Log-Likelihood function

Go back

Sometimes, the log-likelihood function is hard to use (mainly when you are not using a computer with the functions already coded for you). The log-likelihood function is something really (yeah, really) easier to use. Everything is working the same, aside from the fact that you are using another function.

Another reason for using the log-likelihood function is that, on average, the result is better than using any other likelihood function.

The log-likelihood function is defined as the sum of the log densities functions.

@ LL(x, \hat{\theta}) = \sum log(f_{\hat{\theta}}(x)) @

In practice

You will replace prod with sum and add log = TRUE in the density function. You will also need to add a minus before the return. Aside from that, you don't have anything else to change.

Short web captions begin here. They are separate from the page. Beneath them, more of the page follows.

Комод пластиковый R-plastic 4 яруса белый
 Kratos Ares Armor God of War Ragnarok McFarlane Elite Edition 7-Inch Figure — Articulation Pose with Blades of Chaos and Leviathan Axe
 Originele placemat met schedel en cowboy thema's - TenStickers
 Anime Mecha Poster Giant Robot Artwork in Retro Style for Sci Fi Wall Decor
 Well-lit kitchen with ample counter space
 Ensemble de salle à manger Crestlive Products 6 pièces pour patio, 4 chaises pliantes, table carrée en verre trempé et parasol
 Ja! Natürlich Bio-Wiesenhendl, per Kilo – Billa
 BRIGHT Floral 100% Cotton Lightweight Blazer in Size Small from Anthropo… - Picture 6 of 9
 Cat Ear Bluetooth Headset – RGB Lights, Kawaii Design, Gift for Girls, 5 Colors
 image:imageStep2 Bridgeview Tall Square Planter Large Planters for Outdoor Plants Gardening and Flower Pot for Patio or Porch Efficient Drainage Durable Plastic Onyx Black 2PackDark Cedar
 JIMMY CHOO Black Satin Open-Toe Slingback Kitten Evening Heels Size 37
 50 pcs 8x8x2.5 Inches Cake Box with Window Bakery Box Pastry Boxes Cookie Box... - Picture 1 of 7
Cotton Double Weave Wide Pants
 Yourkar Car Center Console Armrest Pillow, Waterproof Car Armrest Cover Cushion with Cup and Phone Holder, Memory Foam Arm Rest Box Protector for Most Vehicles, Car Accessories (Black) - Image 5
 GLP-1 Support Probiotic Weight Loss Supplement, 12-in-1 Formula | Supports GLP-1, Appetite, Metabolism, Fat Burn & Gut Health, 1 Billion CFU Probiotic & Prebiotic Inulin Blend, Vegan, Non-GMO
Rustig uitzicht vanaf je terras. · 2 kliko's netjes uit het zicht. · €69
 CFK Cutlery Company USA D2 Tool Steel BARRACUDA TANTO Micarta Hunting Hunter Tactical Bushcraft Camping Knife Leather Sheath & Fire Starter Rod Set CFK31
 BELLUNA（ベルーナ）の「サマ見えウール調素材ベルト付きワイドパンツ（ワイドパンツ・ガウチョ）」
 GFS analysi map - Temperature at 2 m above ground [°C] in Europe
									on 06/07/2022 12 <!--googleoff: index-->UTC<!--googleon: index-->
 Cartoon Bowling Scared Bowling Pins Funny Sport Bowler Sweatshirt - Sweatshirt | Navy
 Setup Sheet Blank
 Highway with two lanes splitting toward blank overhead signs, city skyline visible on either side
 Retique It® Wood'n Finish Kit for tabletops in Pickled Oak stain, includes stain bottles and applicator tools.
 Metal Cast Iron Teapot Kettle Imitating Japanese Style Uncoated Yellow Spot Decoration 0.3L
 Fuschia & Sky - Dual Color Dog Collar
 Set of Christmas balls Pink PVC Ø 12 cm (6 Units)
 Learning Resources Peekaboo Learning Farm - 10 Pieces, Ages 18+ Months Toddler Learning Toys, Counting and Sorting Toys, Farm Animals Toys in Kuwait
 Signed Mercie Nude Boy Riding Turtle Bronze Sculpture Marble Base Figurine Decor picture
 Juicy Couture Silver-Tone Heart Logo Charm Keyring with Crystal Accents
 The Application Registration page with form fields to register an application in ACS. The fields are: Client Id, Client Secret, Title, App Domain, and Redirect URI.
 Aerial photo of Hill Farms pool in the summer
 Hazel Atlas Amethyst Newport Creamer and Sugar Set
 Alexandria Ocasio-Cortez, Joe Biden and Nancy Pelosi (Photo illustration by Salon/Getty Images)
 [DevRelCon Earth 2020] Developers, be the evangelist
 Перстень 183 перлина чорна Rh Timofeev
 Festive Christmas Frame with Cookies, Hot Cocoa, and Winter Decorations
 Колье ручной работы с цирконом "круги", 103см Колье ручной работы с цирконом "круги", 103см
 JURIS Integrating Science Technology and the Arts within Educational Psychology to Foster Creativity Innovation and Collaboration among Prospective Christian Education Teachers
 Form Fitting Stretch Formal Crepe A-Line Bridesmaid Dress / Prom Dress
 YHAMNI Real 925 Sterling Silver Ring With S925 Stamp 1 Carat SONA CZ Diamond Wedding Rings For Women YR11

# we are chaning the L_bern function
L_bern <- function(theta, x) {
  return(-sum(dbinom(x = x, size = 1, prob = theta[1], log = TRUE)))

# this code does not change, working for both
# generating a sample
x <- rbinom(250, 1, prob = 0.8)
# maximum likelihood estimation
first <- sum(x) / length(x)
r <- optim(
  fn = L_bern, par = first, x = x,
  method = 'L-BFGS-B', lower = 0.0, upper = 1.0
# print result

Note: sometimes you may have to replace 'L-BFGS-B' with 'Brent'. This is because sometimes the formula for par gives you an invalid value (test with par=0), and Brent seems to be more flexible.

In theory

Let's say you got this table with the probabilities, and the values in our sample.

$k$ $0$ $1$ $2$ $3$
$\mathbb{P}(X=k)$ $\frac{2*\theta}{3}$ $\frac{\theta}{3}$ $\frac{2*(1-\theta)}{3}$ $\frac{(1-\theta)}{3}$
Observed (n=10) $2$ $3$ $3$ $2$

We are looking for the maximum likelihood estimation. We are calculating the likelihood function (product of the densities).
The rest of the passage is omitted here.